• Work instruction: How many lines of these entries include the string "Portable"? State the number alone.

____ Listed records

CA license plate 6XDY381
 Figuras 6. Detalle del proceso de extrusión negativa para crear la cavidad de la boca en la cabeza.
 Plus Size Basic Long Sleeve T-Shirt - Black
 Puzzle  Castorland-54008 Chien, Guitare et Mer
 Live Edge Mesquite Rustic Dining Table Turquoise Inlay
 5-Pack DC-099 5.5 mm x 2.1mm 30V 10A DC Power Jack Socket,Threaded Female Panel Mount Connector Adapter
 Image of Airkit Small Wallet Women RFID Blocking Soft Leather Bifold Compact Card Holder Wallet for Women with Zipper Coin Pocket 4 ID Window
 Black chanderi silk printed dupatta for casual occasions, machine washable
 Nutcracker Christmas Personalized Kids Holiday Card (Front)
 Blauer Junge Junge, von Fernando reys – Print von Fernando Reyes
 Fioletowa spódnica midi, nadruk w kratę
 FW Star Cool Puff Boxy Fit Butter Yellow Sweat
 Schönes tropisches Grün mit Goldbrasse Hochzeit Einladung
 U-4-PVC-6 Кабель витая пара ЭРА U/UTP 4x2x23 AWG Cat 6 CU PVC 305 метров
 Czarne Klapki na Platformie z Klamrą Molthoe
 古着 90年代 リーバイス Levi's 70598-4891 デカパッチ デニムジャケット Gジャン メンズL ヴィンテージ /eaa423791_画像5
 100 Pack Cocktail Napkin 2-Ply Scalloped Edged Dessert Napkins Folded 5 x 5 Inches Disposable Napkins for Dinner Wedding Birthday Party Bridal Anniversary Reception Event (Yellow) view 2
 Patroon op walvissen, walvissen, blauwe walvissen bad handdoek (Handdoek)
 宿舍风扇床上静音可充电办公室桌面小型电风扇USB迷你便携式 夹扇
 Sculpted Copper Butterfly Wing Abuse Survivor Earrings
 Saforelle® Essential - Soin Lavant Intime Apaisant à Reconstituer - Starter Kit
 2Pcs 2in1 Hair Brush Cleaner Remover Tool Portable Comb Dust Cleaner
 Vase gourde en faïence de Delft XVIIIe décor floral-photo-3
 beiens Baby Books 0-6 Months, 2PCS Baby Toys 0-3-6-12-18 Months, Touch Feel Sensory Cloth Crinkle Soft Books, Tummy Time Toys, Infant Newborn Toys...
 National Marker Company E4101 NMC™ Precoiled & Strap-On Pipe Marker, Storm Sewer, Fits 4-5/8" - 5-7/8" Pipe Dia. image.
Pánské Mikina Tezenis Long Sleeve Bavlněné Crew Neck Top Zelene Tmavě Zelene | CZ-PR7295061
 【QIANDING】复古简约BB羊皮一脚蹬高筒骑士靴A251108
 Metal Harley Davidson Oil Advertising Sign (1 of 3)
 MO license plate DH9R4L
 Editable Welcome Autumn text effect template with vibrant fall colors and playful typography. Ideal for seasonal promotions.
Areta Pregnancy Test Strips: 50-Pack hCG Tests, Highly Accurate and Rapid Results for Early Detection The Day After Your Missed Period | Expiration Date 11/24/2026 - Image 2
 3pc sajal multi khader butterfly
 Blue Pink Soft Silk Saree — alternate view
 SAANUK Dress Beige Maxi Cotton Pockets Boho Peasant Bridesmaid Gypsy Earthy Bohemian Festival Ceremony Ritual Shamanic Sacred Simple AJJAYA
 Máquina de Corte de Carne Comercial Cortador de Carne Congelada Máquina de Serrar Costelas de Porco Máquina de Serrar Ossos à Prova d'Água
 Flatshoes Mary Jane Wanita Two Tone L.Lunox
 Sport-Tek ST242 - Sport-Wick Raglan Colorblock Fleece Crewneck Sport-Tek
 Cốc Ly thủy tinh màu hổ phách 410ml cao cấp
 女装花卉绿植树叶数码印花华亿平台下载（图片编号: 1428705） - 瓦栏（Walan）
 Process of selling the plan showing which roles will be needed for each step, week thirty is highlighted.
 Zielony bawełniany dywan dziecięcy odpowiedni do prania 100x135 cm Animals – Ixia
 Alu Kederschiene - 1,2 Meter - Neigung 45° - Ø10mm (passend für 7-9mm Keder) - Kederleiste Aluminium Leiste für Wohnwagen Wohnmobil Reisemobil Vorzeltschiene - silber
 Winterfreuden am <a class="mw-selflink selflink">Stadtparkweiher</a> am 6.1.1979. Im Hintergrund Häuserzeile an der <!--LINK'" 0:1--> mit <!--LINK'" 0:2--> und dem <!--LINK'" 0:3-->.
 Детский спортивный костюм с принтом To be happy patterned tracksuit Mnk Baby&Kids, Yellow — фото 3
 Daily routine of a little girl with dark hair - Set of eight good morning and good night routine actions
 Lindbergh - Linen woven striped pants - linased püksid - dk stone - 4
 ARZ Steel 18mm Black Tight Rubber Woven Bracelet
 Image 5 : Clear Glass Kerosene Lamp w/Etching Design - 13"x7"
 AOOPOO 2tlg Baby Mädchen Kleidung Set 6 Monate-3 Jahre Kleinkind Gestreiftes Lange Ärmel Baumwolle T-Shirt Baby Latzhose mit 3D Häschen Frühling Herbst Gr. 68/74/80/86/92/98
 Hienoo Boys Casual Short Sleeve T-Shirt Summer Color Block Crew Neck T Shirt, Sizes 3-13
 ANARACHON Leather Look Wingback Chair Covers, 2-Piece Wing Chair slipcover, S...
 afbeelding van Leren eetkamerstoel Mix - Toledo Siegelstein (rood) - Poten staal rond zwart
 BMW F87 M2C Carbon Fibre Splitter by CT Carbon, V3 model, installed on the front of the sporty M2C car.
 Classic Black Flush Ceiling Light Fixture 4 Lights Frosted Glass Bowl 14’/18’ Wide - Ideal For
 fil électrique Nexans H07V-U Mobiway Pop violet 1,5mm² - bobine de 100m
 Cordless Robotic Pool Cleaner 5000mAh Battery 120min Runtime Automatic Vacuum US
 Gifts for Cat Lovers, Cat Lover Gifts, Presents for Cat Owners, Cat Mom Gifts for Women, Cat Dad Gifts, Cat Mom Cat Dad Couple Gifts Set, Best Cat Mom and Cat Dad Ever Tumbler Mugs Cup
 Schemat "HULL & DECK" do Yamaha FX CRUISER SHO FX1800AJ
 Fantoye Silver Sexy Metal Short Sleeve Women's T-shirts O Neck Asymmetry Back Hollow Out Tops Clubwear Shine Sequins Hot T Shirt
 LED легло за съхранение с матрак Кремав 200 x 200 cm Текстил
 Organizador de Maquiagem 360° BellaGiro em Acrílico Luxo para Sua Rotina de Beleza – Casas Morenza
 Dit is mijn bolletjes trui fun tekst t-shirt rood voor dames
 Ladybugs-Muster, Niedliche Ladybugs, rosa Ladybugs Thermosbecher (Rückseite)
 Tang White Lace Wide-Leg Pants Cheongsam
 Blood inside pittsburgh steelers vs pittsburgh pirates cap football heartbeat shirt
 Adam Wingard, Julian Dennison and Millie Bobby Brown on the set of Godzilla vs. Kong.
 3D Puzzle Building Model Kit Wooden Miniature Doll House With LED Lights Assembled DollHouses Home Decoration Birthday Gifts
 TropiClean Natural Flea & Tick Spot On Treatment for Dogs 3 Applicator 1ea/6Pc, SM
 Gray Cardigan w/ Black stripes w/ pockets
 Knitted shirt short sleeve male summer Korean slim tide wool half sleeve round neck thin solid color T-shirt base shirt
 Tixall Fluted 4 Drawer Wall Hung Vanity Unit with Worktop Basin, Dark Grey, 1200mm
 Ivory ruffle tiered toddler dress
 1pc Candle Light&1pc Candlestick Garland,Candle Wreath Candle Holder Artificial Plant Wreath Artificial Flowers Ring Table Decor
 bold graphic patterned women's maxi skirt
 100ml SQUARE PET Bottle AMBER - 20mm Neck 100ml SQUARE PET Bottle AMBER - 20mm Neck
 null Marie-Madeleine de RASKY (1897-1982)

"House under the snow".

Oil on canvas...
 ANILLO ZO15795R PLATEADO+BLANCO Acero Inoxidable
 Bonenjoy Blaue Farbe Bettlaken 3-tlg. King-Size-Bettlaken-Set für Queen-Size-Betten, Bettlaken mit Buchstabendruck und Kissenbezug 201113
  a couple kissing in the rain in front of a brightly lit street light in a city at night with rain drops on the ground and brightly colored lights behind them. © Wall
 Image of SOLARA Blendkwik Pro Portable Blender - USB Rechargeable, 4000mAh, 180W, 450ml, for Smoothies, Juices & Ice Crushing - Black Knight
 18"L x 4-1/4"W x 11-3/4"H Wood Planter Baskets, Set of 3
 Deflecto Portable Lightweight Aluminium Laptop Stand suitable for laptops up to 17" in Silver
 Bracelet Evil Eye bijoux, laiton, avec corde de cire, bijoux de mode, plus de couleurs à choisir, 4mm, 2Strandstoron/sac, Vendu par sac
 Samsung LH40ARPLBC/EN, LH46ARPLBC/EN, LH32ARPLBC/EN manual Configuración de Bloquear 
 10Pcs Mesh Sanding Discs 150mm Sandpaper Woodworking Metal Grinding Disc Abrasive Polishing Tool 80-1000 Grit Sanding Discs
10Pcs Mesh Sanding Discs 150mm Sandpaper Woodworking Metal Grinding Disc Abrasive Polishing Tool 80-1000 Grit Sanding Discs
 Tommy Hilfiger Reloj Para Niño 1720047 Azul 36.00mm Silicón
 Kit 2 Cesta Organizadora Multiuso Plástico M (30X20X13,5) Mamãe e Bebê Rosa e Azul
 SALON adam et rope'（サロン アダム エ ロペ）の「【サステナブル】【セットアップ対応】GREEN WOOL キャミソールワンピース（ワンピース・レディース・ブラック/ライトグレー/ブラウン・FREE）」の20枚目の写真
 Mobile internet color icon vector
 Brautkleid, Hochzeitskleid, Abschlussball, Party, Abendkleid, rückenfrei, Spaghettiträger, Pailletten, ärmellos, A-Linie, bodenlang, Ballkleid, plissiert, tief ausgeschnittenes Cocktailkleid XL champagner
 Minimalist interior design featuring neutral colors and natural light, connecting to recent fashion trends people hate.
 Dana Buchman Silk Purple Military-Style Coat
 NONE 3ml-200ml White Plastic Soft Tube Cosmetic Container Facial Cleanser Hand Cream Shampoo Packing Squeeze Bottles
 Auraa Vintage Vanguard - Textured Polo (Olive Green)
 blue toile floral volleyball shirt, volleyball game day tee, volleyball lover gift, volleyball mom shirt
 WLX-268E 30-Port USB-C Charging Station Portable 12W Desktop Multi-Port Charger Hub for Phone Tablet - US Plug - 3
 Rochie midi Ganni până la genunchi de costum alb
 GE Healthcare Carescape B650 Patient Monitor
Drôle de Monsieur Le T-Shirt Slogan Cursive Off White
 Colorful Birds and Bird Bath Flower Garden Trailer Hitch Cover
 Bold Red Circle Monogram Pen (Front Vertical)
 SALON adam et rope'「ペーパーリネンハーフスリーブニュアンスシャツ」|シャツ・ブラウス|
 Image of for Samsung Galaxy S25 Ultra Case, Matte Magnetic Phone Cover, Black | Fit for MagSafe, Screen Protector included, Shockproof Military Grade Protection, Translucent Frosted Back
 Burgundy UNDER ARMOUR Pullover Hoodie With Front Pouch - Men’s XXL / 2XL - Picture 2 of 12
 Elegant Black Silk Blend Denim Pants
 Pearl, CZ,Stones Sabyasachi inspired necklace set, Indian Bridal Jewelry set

________

• Result of this exercise: 4